Und schon waren auch die Mädchen verschwunden.

Zurück blieben Yuuma, Vector, Nasch, IV und III.

„Wir sind schnell ne kleine Gruppe geworden.“ Yuuma lachte. Vector konnte ihm nicht zustimmen. Es waren immer noch zu viele Leute. Besonders Nasch. Nasch war immer zu viel. „Aber wir sehen die anderen schon wieder. Wollen wir auch was Süßes essen? Ich hab Lust auf Zuckerwatte!“

„Nicht, wenn wir noch Achterbahn fahren wollen. Dir wird bestimmt schlecht“, warf Vector ein.

Yuuma grinste. „Wahrscheinlich. Wollen wir mit der Achterbahn anfangen?“

„Bin dabei.“ Achterbahn war für Vector das einzig interessante hier und wenn Nasch auch nur im Ansatz daran dachte neben Yuuma zu sitzen, dann würde er ihn aus der Achterbahn schmeißen. Wobei er das auch einfach so tun würde.

„Ich weiß nicht.“ III sah zur Achterbahn und trat nervös von einem Fuß auf den anderen.

IV lachte und klopfte ihm auf den Rücken. „Immer noch Höhenangst?“ III sah verlegen aus und murmelte etwas. IV lachte wieder. „Tja, dann musst du wohl am Boden bleiben.“

„Ich geh zu den Autoscootern oder Alit.“

Yuuma sah ihm hinterher. „Na gut, dann eben nur wir vier. Los geht’s!“
 

Sie mischten sich unter die Menschenmenge. Vector hielt sich dabei nah an Yuuma. Zum einen, weil er davon ausging ihn sonst zu verlieren und zum anderen, weil er immer wieder gegen ihn gedrückt wurde. Außerdem fand er es plötzlich gar nicht mehr so schlimm, dass auch IV mit dabei war. Der beanspruchte zumindest Naschs Aufmerksamkeit.

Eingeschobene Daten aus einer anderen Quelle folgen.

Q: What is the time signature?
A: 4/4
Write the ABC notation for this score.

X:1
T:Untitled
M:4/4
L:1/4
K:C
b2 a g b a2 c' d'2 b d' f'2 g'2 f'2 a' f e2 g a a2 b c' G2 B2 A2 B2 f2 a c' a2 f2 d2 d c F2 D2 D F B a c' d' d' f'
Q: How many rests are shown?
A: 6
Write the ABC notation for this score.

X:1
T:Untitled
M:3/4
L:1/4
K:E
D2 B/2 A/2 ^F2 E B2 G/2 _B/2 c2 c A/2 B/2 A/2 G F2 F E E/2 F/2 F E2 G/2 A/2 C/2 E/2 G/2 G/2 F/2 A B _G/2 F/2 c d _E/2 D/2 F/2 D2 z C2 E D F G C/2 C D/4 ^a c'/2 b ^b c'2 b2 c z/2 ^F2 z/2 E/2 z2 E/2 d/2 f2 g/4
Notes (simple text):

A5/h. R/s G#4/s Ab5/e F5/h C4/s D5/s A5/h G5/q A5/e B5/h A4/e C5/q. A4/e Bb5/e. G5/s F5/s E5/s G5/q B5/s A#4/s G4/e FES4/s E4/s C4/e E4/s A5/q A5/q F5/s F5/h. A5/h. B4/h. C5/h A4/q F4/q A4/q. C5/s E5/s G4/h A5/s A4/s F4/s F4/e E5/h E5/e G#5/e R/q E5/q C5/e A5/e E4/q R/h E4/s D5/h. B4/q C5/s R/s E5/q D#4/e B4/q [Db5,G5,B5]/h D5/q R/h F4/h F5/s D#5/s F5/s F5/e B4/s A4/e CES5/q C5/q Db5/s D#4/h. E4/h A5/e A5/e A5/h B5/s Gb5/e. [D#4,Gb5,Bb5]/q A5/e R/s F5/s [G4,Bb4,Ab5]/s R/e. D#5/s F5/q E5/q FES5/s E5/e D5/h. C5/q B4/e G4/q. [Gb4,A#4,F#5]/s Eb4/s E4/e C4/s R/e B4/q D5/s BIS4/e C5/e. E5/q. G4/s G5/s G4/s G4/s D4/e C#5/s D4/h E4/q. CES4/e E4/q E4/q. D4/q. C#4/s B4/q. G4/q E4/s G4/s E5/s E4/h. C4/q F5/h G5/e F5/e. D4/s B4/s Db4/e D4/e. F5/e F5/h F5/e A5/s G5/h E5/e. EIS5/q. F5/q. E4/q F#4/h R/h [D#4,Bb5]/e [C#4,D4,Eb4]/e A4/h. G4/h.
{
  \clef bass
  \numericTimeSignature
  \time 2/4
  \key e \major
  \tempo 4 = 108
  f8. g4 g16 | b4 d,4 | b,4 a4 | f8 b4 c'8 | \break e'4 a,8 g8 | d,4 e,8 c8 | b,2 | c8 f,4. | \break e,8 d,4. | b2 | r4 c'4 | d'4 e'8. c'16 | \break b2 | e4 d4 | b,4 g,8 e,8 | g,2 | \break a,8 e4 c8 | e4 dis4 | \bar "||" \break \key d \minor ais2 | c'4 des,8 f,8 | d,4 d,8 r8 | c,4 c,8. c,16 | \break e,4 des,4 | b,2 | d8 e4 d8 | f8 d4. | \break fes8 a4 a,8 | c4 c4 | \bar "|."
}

Die Schlange vor der Achterbahn war kürzer als erwartet. Yuuma trat unruhig von einem Fuß auf den anderen. „Was ist los?“

„Ich freu mich so, dass wir hier sind! Ich liebe den Rummel.“ Er sprang auf und ab.

Vector schmunzelte. Wieso war dieser Junge so süß? Und warum nervte ihn das nicht? Es nervte ihn, dass ihn das nicht nervte, sondern nur sein Herz so schnell schlug.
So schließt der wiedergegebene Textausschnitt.